# WARNING: plant noob questions inside



## imachode (Jun 3, 2003)

so, given the advice in this forum.. i decided to go with some anubias. i got two potted ones and they're just sitting in my rhom tank as is. i'm not sure if i want to keep it in there with her or in the sand tank which is the home of my reds.

if i was to plant it in the rhom tank with gravel, how deep does the gravel have to be?

do i take them out of the pot and then stick it in the gravel?

what about the sorta spongy wet tissue looking stuff wrapped around the roots? do i need to take that off to expose the roots before planting in gravel?

sorry for the lamer questions. just new territory.


----------



## Husky_Jim (May 26, 2003)

It is great to hear more people into the live plants!
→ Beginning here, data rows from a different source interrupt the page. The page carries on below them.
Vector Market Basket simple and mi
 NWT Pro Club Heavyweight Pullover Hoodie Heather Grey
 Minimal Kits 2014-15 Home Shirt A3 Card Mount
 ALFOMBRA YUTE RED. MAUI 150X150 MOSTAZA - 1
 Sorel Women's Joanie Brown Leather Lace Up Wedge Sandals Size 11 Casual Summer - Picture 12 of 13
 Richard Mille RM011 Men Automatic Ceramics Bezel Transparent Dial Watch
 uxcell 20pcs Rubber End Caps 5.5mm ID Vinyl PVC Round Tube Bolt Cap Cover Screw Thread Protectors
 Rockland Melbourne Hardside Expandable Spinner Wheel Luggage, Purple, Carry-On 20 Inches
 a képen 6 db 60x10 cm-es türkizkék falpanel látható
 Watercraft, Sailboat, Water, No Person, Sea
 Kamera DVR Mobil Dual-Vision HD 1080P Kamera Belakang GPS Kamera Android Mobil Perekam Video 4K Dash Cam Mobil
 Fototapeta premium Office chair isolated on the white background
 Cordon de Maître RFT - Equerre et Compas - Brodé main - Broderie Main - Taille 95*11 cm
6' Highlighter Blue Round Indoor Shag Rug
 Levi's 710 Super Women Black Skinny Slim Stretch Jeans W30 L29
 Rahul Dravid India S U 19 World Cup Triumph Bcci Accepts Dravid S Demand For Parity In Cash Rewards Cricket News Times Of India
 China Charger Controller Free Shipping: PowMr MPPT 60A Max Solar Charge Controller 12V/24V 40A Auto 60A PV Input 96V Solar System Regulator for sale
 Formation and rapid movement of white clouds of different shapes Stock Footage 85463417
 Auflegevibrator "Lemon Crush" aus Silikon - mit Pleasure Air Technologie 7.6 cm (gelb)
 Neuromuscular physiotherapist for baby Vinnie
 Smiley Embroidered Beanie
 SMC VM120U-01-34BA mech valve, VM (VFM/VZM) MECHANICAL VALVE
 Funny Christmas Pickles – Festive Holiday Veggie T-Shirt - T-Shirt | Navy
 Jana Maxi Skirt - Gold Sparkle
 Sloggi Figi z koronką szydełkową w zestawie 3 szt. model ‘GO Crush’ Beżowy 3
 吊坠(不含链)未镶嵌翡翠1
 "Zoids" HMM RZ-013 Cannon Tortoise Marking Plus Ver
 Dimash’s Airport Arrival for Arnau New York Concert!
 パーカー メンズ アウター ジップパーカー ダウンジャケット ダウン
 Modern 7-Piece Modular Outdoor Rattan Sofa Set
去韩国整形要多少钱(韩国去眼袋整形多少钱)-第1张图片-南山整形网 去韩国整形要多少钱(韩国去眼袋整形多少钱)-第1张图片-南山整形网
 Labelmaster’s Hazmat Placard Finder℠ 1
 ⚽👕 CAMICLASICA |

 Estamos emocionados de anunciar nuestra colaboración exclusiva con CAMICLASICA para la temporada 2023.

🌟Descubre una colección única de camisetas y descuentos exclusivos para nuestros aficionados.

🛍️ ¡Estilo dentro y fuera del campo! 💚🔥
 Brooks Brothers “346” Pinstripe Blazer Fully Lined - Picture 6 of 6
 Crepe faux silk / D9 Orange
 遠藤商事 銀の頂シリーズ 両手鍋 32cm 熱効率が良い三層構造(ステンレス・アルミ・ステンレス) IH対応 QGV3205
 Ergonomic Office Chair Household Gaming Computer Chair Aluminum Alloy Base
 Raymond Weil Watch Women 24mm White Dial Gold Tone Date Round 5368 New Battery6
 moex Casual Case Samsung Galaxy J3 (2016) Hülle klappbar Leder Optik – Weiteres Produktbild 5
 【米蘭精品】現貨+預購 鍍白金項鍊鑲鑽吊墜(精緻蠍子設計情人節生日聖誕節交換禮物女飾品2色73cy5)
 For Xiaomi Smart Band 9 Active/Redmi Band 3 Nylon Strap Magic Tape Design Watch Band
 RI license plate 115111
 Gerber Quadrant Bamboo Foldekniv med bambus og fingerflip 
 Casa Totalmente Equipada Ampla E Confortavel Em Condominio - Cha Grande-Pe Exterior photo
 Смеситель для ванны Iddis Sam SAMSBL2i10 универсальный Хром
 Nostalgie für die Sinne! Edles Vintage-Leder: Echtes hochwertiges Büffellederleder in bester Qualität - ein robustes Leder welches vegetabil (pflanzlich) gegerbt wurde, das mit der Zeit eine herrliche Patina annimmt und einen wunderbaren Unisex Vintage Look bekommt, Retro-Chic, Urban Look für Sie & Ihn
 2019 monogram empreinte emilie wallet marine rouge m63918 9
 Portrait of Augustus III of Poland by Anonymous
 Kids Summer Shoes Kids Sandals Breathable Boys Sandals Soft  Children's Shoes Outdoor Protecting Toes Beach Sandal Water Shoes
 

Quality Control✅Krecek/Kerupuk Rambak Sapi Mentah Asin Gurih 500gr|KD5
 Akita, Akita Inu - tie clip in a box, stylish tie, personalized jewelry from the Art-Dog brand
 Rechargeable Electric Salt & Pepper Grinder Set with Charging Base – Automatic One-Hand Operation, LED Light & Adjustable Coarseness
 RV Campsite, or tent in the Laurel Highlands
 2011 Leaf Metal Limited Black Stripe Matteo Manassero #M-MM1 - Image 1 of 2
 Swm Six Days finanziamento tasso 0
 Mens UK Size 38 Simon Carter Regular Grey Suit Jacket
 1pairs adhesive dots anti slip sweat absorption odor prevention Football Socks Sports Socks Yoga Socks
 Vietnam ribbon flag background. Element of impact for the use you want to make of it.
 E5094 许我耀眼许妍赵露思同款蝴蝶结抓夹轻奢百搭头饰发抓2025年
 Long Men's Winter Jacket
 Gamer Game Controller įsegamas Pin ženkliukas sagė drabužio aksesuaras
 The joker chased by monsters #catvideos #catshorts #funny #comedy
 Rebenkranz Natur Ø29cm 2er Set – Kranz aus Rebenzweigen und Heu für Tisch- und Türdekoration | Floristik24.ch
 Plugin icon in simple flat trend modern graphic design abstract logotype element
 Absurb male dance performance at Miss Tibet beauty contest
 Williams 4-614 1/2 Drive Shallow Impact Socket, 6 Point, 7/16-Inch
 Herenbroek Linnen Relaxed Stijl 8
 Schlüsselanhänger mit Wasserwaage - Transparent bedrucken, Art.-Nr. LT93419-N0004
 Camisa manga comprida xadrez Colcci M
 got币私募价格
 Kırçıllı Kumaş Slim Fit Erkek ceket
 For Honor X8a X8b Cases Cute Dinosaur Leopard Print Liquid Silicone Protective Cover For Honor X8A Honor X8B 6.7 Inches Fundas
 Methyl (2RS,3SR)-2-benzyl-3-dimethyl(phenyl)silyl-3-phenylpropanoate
First of all you have to unpot the plants and remove the 'clothe' stuff that covers the roots.
You have to know that Anubias also grows when are attched to driftwood which also is a great thing to see....If you decide to plant them in gravel,make sure the you cover all the roots and the plant is immovable!

Enjoy your Plants!!!


----------



## imachode (Jun 3, 2003)

i knew taht java moss could attach to driftwood... but anubias as well? could you perhaps go a little bit into detail on this?

btw, i hate playing vs NE. we should find all the pfury war3 players and make a bracket. that would be fun.


----------